Mortem is a French experimental film directed by Eric Atlan and first screened at the Oaxaca International Film Festival in 2010 before receiving a limited theatrical release in 2012. Reminiscent of Persona and Mulholland Drive, the film follows a young woman who defies her own death.

==Reception==
Mortem generally received mixed to negative reviews from critics.
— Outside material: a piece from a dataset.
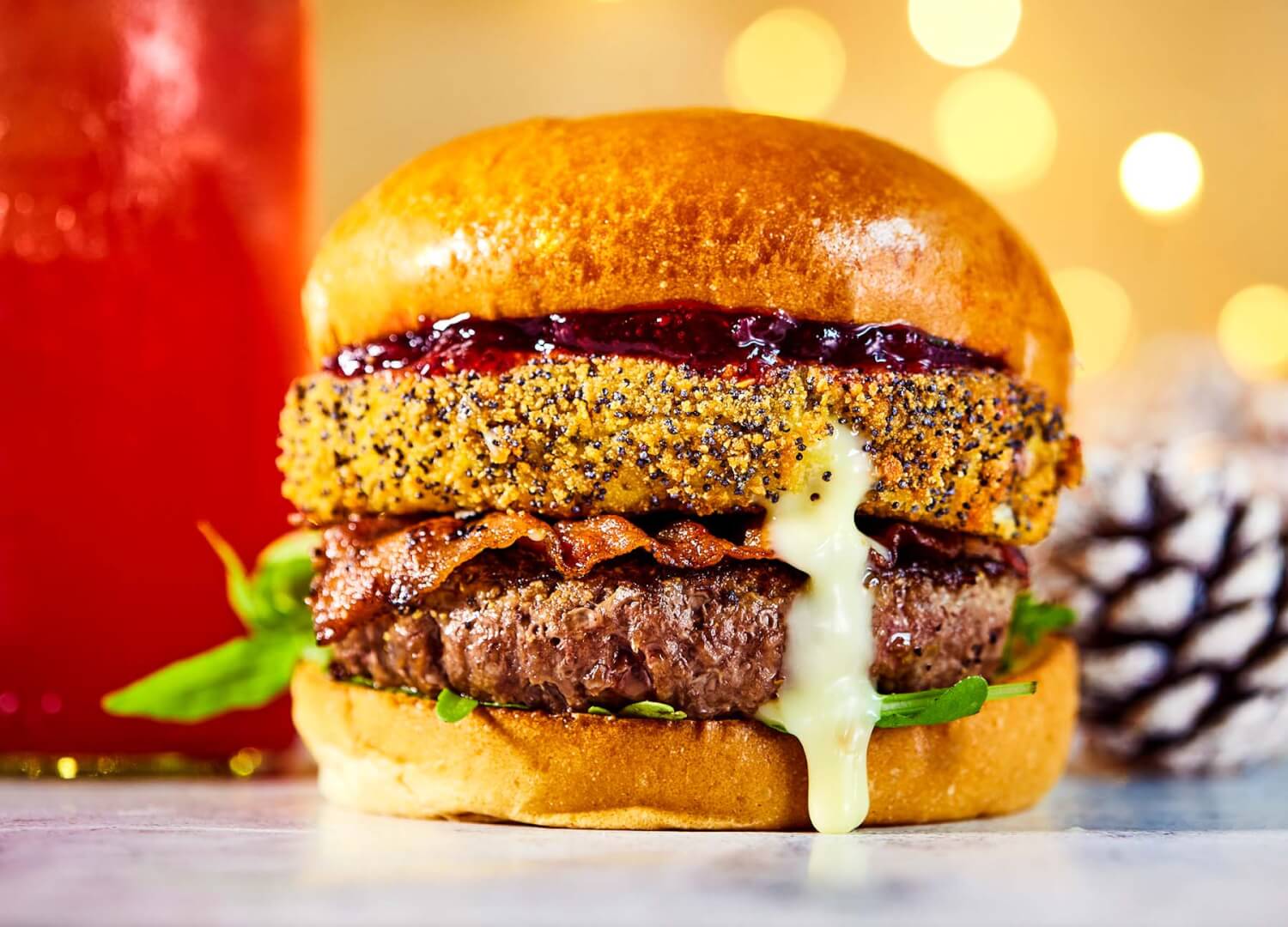 beef burger with deep fried camembert and cranberry sauce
The Village Voice stated that "The initial scenes, thick with creep-show ambiance, promise more fulfilling madness than what actually transpires once the out-of-nowhere second guest reveals who she is." The New York Times compared the film's aesthetic to that of Jean Cocteau, but gave a similarly lukewarm review as The Village Voice, stating that "Most often Mortem just lacks bite, and the dedicated leads seem at times a little slight for the staging of a struggle at eternity's edge." Time Out New York awarded the film one star out of five and described it as "excruciatingly bad". Slant Magazine gave the film a largely negative review, opining that the film "too readily abandons its noir framework for the sweeping meta-narrative about desire's link to thanatos, and in so doing, leaves too little room for guesswork." Film Journal International stated that "This initially bewitching throwback to the French New Wave and Cocteau turns into a turgid and frequently laughable pseudo-philosophical locked-room argument between a woman and her soul."